Recorded information ::

>>>

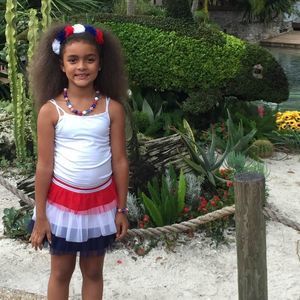 Meet your Posher, Khia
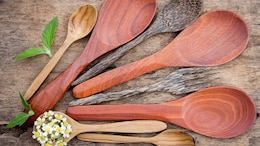 How To Keep Wooden Spoons And Spatulas Clean And Long-Lasting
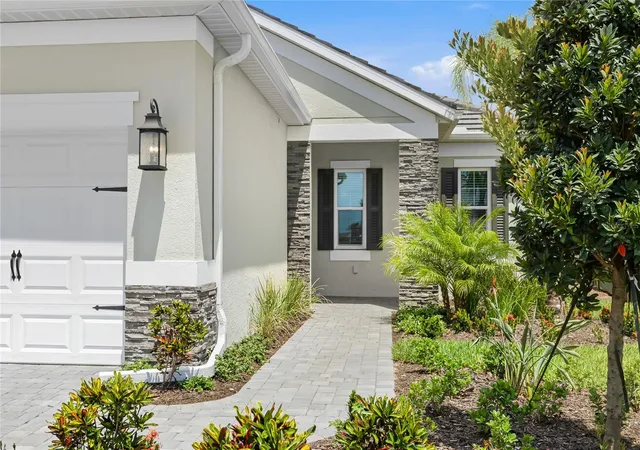 2nd image of 2003 Bamboo Palm Cvs, Bradenton, FL 34212 | MLS# A4696380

<<<

Problem to solve :: Repeat the material above exactly; any picture in it is left out.

Solved problem ::
 Meet your Posher, Khia
 How To Keep Wooden Spoons And Spatulas Clean And Long-Lasting
 2nd image of 2003 Bamboo Palm Cvs, Bradenton, FL 34212 | MLS# A4696380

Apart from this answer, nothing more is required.